This blog post was authored by Gage Dungy and Shardé C. Thomas
Assembly Bill 218 (“AB 218”), codified as Labor Code section 432.9, goes into effect in just over a week on Tuesday, July 1, 2014, and will have a significant impact on a public agency’s ability to initially use criminal convictions in the hiring processes before a determination has been made regarding whether the applicant meets the minimum job qualifications for the position. As a result, public agencies should closely review their current employment applications and overall hiring practices to ensure compliance by the time the new law takes effect on July 1. Below is a summary of AB 218 and how it can apply to your public agency.

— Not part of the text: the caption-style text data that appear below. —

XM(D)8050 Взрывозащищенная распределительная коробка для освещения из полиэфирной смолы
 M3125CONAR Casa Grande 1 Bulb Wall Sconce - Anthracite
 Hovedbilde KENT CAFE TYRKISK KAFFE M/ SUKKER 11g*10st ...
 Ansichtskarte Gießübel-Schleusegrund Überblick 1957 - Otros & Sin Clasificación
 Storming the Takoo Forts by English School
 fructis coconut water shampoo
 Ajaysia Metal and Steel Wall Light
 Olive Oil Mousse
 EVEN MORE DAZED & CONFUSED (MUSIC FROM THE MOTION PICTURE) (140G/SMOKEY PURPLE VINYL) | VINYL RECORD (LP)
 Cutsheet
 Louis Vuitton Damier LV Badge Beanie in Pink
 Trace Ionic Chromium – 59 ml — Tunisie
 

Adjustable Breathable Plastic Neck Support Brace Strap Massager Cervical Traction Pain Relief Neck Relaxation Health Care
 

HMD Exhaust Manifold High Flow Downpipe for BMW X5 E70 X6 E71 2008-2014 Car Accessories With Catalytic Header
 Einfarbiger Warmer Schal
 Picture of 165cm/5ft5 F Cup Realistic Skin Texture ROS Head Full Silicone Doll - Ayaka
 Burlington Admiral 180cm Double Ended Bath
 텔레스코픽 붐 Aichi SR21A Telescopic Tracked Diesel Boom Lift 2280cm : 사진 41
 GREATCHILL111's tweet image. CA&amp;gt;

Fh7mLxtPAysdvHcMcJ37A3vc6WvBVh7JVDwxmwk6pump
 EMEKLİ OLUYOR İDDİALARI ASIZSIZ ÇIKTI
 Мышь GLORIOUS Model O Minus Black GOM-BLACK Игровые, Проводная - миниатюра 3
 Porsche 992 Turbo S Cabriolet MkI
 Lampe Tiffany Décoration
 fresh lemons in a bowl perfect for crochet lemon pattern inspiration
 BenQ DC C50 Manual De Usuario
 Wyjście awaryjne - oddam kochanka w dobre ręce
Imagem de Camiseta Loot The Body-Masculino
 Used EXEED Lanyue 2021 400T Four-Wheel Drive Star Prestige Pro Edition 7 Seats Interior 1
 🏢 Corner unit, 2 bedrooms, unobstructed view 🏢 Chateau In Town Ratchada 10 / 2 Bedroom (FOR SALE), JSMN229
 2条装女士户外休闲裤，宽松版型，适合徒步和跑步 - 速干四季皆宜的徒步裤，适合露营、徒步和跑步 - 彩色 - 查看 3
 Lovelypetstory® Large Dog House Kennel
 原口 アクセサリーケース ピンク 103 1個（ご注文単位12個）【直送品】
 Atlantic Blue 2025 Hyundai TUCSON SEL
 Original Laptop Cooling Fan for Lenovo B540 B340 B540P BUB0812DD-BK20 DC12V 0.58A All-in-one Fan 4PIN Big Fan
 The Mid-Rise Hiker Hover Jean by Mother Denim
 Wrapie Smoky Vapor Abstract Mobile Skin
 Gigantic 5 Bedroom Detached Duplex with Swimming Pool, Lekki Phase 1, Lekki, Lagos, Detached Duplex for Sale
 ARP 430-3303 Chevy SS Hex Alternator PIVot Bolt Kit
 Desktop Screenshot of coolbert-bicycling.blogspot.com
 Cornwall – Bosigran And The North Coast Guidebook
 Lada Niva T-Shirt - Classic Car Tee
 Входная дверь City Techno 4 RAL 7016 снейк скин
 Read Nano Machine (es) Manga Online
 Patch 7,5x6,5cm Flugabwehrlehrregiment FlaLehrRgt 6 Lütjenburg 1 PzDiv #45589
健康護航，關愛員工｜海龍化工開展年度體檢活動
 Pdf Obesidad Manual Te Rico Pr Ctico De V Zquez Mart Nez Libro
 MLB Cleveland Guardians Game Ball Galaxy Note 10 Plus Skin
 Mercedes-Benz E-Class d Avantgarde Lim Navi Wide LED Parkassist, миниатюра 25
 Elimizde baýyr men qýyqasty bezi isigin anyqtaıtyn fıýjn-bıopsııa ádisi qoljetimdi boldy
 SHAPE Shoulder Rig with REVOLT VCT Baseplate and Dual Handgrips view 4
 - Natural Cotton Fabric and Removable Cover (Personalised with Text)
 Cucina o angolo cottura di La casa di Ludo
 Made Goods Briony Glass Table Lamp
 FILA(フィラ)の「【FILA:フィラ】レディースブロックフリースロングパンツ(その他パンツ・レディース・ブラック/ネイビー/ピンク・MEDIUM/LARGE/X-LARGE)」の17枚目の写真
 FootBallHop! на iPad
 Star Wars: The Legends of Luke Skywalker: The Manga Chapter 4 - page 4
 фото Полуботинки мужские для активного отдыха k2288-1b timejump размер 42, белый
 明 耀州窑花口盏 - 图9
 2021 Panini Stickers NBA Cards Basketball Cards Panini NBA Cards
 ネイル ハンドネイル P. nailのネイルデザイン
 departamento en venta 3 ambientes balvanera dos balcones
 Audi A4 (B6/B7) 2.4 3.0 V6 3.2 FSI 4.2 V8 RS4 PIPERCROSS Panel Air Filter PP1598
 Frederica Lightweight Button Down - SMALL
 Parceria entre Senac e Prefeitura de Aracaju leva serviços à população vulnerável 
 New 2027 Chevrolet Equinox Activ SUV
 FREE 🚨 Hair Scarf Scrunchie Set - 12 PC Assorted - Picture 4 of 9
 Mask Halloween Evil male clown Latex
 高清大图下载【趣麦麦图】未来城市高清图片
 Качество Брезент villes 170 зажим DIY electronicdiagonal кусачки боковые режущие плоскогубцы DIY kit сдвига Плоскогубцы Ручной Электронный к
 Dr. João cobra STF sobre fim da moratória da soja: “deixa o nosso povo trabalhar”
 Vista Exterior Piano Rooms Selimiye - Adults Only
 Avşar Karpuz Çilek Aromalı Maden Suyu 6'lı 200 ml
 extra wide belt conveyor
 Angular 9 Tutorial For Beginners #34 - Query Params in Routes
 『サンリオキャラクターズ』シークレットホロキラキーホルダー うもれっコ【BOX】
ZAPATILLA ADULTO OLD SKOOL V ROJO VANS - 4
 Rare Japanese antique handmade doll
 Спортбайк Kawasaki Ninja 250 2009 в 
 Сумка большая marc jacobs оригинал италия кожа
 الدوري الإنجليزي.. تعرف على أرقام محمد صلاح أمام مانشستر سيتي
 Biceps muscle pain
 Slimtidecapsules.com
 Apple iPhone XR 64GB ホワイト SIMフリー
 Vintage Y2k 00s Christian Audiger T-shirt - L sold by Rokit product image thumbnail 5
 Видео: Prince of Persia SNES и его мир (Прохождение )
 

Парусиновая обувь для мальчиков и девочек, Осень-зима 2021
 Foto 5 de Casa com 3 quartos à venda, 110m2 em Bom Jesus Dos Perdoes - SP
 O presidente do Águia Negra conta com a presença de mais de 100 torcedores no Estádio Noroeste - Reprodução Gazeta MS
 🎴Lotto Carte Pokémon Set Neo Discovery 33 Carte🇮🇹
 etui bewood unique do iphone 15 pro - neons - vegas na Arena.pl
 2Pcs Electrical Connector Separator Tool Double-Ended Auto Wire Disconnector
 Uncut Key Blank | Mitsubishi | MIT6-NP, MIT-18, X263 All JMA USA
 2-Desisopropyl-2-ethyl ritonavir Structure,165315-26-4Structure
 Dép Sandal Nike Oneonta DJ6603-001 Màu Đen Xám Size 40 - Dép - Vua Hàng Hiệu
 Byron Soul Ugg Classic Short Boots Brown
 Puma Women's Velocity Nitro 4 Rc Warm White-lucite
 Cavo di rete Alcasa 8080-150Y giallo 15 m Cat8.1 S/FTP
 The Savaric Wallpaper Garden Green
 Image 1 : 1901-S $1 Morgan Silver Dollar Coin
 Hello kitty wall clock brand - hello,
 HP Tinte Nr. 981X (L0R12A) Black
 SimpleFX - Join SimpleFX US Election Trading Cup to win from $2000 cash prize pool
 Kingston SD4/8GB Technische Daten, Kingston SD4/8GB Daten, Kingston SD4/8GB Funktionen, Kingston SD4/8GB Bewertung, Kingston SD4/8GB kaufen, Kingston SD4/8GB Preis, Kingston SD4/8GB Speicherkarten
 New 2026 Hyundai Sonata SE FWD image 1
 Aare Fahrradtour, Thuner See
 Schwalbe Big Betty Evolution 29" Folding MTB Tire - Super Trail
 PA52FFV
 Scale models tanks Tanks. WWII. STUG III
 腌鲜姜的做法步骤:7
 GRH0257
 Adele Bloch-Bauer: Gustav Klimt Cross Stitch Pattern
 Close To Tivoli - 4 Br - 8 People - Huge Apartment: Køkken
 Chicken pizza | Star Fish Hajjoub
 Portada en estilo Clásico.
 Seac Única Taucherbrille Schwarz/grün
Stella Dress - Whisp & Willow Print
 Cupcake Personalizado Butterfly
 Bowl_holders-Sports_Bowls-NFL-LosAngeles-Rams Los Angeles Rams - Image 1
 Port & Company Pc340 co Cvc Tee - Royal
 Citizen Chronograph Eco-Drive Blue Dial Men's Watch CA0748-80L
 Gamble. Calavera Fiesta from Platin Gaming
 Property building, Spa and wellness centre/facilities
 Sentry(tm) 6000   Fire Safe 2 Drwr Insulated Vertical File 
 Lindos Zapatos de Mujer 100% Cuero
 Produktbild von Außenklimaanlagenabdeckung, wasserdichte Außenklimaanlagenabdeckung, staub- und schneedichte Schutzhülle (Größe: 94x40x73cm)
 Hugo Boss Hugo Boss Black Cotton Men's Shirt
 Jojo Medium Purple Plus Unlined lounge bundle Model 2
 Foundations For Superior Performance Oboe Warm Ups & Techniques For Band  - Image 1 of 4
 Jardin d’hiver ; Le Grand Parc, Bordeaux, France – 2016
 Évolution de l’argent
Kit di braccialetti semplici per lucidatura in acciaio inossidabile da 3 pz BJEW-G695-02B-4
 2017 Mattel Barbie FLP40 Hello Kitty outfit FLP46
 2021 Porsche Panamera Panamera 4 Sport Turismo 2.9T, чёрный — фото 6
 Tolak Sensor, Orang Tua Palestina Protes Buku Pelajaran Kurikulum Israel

The passage of AB 218 by the California legislature follows a nationwide movement to “ban the box” in an attempt to eliminate any practices of automatically disqualifying convicted criminals from employment by asking questions concerning criminal convictions on the initial job application. Advocates of “ban the box” laws are concerned that such automatic disqualification of convicted criminals may create a disparate impact on minorities. In addition, supporters of “ban the box” legislation have noted that many qualified applications are being rejected from job opportunities simply because of old or minor infractions irrelevant to the position they are seeking. In 1998, Hawaii became the first state in the U.S. to adopt a “ban the box” law. Since then, many states, counties, and cities, including Massachusetts, Minnesota, and Seattle, have also enacted “ban the box” laws. In California, nine cities and counties adopted “ban the box” prohibitions prior to AB 218 being passed. In addition, many private companies and individual agencies have also started to remove the criminal conviction “box” from job applications. However, AB 218 only applies to public agencies in California.
Overview of AB 218
AB 218 prohibits any state or local agency from asking a job applicant to disclose criminal convictions on the initial employment application until after it has determined that the applicant meets the minimum employment qualifications for the position. AB 218 does not prohibit public agencies from inquiring about criminal conviction information later on in the hiring process. Rather, it requires the public agency to refrain from doing so until it has determined that the applicant is qualified for the position.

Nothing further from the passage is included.